Nau mai, haere mai, welcome to eyeCONTACT, a forum built to encourage art reviews and critical discussion about the visual culture of Aotearoa New Zealand. I'm John Hurrell its editor, a New Zealand writer, artist and curator. While Creative New Zealand and other supporters are generously paying me and other contributors to review exhibitions over the following year, all expressed opinions are entirely our own.

Monday, August 10, 2009

Give it a whirl




Darren Glass billboards
Te Tuhi
25 July – 27 September 2009

Darren Glass is a New Zealand photographer widely admired for the inventiveness of the abstract or distorted images that he creates with his pinhole sculptures. Usually these photos are small to large – sometimes very long – but never spectacularly big. This is because film and sheets of light-sensitive paper are crucial components of his method – creating an element of intimacy between him and his viewers.

Te Tuhi’s billboard project has been different.
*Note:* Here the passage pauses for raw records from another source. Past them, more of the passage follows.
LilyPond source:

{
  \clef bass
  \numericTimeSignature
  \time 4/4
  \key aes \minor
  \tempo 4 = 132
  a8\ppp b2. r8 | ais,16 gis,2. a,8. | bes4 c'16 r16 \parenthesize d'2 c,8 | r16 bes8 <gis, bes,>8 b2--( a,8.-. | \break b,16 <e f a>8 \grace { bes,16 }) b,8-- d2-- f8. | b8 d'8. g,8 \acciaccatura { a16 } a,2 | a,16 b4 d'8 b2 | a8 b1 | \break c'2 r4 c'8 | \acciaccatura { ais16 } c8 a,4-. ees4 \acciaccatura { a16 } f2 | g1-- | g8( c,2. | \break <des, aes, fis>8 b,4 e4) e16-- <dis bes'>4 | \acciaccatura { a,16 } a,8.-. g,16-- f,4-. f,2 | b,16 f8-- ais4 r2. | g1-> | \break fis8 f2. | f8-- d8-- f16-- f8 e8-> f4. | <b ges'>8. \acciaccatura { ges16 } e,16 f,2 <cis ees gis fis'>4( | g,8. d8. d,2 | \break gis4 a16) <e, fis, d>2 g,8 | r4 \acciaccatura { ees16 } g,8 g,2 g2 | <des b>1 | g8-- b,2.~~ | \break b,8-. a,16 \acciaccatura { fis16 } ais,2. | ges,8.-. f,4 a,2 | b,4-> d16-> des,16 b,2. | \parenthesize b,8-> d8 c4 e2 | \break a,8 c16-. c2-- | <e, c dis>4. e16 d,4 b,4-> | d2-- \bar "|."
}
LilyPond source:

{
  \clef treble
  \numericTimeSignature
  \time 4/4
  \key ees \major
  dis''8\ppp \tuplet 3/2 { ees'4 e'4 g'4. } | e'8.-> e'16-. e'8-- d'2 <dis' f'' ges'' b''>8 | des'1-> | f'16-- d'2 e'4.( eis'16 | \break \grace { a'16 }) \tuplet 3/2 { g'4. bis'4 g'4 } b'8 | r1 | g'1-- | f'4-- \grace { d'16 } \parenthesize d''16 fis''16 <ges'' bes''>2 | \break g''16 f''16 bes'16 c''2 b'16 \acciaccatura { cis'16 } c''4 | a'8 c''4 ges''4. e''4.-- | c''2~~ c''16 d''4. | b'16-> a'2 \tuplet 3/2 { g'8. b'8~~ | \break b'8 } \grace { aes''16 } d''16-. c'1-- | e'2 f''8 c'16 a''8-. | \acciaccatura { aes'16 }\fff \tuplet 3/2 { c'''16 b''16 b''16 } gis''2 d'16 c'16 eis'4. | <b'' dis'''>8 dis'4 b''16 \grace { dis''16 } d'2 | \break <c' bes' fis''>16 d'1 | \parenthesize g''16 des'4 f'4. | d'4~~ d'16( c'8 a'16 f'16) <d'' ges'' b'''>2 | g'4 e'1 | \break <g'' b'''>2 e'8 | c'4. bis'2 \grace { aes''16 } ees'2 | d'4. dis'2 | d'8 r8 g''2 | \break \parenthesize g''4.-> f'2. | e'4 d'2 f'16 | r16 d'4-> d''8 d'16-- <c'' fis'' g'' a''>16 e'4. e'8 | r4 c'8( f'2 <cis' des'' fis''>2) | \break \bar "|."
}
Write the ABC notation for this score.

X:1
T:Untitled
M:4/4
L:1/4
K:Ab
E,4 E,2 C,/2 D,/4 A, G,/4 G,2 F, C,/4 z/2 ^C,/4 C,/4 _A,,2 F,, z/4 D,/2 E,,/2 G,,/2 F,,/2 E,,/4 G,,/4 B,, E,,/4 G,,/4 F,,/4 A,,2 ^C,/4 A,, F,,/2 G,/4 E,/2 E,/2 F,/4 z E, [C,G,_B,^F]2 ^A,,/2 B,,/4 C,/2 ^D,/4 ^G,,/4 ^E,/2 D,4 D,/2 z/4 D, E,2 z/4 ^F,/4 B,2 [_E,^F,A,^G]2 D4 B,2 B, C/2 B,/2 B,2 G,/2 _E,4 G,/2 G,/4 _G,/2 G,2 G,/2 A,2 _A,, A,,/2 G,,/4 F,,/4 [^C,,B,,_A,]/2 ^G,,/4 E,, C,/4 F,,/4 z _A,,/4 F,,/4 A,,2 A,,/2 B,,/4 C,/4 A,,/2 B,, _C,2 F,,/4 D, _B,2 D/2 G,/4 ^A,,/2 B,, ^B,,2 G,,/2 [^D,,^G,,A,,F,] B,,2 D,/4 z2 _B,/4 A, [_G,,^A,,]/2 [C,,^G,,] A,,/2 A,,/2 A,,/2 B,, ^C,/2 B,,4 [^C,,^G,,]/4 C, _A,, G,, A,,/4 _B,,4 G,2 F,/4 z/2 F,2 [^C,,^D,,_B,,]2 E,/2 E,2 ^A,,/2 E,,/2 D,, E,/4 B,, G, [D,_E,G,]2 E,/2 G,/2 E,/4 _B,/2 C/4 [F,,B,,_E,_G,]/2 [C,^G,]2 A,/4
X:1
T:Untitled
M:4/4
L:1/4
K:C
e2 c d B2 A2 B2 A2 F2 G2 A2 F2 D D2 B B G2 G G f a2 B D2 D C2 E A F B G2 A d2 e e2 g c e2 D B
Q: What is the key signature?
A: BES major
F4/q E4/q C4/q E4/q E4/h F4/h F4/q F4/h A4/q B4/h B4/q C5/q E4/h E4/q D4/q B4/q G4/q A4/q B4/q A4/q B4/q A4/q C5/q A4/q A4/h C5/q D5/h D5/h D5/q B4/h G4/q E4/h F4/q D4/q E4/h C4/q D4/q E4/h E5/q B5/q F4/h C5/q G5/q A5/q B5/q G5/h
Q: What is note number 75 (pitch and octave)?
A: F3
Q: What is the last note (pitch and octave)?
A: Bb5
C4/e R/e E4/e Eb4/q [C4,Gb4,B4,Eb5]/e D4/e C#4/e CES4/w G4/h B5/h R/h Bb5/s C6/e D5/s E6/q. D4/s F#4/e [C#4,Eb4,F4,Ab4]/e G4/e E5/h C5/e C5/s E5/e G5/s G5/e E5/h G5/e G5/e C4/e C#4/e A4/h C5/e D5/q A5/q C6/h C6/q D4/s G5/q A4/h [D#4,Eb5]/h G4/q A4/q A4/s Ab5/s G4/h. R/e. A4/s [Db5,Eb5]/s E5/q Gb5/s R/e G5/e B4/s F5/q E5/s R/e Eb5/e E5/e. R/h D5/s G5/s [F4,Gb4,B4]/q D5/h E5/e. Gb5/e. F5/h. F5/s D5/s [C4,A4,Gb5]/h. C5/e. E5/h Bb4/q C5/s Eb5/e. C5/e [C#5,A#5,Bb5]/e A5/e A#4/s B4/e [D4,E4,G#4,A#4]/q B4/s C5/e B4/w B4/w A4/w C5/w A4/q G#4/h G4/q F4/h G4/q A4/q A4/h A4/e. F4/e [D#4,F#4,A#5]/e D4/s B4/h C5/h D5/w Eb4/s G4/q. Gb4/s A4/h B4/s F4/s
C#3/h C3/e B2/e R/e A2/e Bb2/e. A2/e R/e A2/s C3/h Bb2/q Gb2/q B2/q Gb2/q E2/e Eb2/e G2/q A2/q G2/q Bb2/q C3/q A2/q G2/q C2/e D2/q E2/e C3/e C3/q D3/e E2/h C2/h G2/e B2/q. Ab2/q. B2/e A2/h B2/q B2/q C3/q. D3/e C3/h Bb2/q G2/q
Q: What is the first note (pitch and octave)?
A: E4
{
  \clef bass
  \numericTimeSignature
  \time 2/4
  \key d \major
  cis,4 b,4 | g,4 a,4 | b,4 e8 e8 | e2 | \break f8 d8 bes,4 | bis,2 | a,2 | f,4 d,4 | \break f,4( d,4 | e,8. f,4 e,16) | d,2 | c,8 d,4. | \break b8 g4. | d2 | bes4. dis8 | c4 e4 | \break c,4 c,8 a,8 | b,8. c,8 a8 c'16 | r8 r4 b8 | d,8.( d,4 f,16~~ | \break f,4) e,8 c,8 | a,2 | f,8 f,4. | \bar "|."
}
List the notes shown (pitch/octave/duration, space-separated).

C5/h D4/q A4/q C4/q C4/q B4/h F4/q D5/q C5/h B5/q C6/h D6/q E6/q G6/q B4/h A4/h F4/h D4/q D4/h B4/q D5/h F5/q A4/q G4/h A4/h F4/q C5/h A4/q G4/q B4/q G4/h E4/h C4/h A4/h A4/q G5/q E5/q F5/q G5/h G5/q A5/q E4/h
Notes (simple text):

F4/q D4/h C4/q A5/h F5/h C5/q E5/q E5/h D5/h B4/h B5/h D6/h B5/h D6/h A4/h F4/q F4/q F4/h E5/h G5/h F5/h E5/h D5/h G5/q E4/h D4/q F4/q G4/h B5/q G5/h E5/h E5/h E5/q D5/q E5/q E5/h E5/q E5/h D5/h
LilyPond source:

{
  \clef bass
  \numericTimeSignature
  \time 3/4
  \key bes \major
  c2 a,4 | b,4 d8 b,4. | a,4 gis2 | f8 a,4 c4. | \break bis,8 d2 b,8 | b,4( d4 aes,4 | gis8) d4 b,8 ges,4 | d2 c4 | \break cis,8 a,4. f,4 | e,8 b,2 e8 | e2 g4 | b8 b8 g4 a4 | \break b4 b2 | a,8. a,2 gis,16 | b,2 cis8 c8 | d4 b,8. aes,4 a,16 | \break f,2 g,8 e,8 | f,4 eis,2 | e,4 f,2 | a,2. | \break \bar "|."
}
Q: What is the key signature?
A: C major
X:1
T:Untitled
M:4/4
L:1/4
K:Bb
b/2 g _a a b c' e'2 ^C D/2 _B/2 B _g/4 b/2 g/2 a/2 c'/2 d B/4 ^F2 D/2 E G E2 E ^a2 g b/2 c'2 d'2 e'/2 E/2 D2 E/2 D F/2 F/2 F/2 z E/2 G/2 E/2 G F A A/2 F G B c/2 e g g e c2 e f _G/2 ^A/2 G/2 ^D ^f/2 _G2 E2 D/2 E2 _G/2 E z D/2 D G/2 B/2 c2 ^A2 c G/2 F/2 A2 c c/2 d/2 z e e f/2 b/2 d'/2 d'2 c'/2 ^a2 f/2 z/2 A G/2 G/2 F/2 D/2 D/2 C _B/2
It has allowed him to enlarge three of his images digitally onto the plastic fabric used by advertisers – so they can be appreciated by his audience from the other side of the street. Here he has taken three images made with a ‘Flying Disc’ camera that he throws like a Frisbee.

His enlarged images are richly coloured, abstract whorls punctuated by radiating streaks or vertical squiggles. The three hoardings demonstrate the range of image he can create with this technique: two were made in winter; the other was in summer when the sun – the light source which draws the swirling lines onto the spinning horizontal negative – was high in the sky.

Glass’s right-hand image seems to have traces of cloud-forms on its blue fuzzy ball and they coincidentally make it look like the planet earth as viewed from outer space. The middle square has concentric rings of gorgeous turquoise traversed by wispy slashing verticals, while the one on the left has a saturated green fog caused by light seepage. It changes to deep ultramarine within a couple of flicking austere spirals, and then to black on its far right.

It is odd seeing Glass’s images blown up like this, one gets so used to the smaller scale of his photographic paper, but the public arena works. They become more celebratory, exulting in the glories of light-drawn calligraphy, and hopefully exciting more people. The perfect artist for such a venture.